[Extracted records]
────────────────────────────────────────

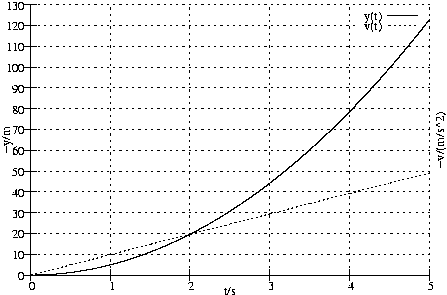 #FIG 3.2
Landscape
Center
Metric
A4
100.00
Single
-2
1200 2
2 1 2 1 -1 -1 50 0 -1     4.000 0 1 0 0 0 2
	 1316 4262 6062 4262
2 1 0 1 -1 -1 50 0 -1     0.000 0 0 0 0 0 2
	 1316 4262 1249 4262
2 1 0 1 -1 -1 50 0 -1     0.000 0 0 0 0 0 2
	 1316 4262 1383 4262
4 2 -1 0 -1 0 10.000  0.000 4 119.000 142.000 1245 4321  0\001
2 1 2 1 -1 -1 50 0 -1     4.000 0 1 0 0 0 2
	 1316 4014 6062 4014
2 1 0 1 -1 -1 50 0 -1     0.000 0 0 0 0 0 2
	 1316 4014 1249 4014
2 1 0 1 -1 -1 50 0 -1     0.000 0 0 0 0 0 2
	 1316 4014 1383 4014
4 2 -1 0 -1 0 10.000  0.000 4 119.000 213.000 1245 4073  10\001
2 1 2 1 -1 -1 50 0 -1     4.000 0 1 0 0 0 2
	 1316 3767 6062 3767
2 1 0 1 -1 -1 50 0 -1     0.000 0 0 0 0 0 2
	 1316 3767 1249 3767
2 1 0 1 -1 -1 50 0 -1     0.000 0 0 0 0 0 2
	 1316 3767 1383 3767
4 2 -1 0 -1 0 10.000  0.000 4 119.000 213.000 1245 3826  20\001
2 1 2 1 -1 -1 50 0 -1     4.000 0 1 0 0 0 2
	 1316 3519 6062 3519
2 1 0 1 -1 -1 50 0 -1     0.000 0 0 0 0 0 2
	 1316 3519 1249 3519
2 1 0 1 -1 -1 50 0 -1     0.000 0 0 0 0 0 2
	 1316 3519 1383 3519
4 2 -1 0 -1 0 10.000  0.000 4 119.000 213.000 1245 3578  30\001
2 1 2 1 -1 -1 50 0 -1     4.000 0 1 0 0 0 2
	 1316 3271 6062 3271
2 1 0 1 -1 -1 50 0 -1     0.000 0 0 0 0 0 2
	 1316 3271 1249 3271
2 1 0 1 -1 -1 50 0 -1     0.000 0 0 0 0 0 2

────────────────────────────────────────

Retype the records above line for line and exactly, omitting their pictures.

* Solution to the exercise *
 #FIG 3.2
Landscape
Center
Metric
A4
100.00
Single
-2
1200 2
2 1 2 1 -1 -1 50 0 -1     4.000 0 1 0 0 0 2
	 1316 4262 6062 4262
2 1 0 1 -1 -1 50 0 -1     0.000 0 0 0 0 0 2
	 1316 4262 1249 4262
2 1 0 1 -1 -1 50 0 -1     0.000 0 0 0 0 0 2
	 1316 4262 1383 4262
4 2 -1 0 -1 0 10.000  0.000 4 119.000 142.000 1245 4321  0\001
2 1 2 1 -1 -1 50 0 -1     4.000 0 1 0 0 0 2
	 1316 4014 6062 4014
2 1 0 1 -1 -1 50 0 -1     0.000 0 0 0 0 0 2
	 1316 4014 1249 4014
2 1 0 1 -1 -1 50 0 -1     0.000 0 0 0 0 0 2
	 1316 4014 1383 4014
4 2 -1 0 -1 0 10.000  0.000 4 119.000 213.000 1245 4073  10\001
2 1 2 1 -1 -1 50 0 -1     4.000 0 1 0 0 0 2
	 1316 3767 6062 3767
2 1 0 1 -1 -1 50 0 -1     0.000 0 0 0 0 0 2
	 1316 3767 1249 3767
2 1 0 1 -1 -1 50 0 -1     0.000 0 0 0 0 0 2
	 1316 3767 1383 3767
4 2 -1 0 -1 0 10.000  0.000 4 119.000 213.000 1245 3826  20\001
2 1 2 1 -1 -1 50 0 -1     4.000 0 1 0 0 0 2
	 1316 3519 6062 3519
2 1 0 1 -1 -1 50 0 -1     0.000 0 0 0 0 0 2
	 1316 3519 1249 3519
2 1 0 1 -1 -1 50 0 -1     0.000 0 0 0 0 0 2
	 1316 3519 1383 3519
4 2 -1 0 -1 0 10.000  0.000 4 119.000 213.000 1245 3578  30\001
2 1 2 1 -1 -1 50 0 -1     4.000 0 1 0 0 0 2
	 1316 3271 6062 3271
2 1 0 1 -1 -1 50 0 -1     0.000 0 0 0 0 0 2
	 1316 3271 1249 3271
2 1 0 1 -1 -1 50 0 -1     0.000 0 0 0 0 0 2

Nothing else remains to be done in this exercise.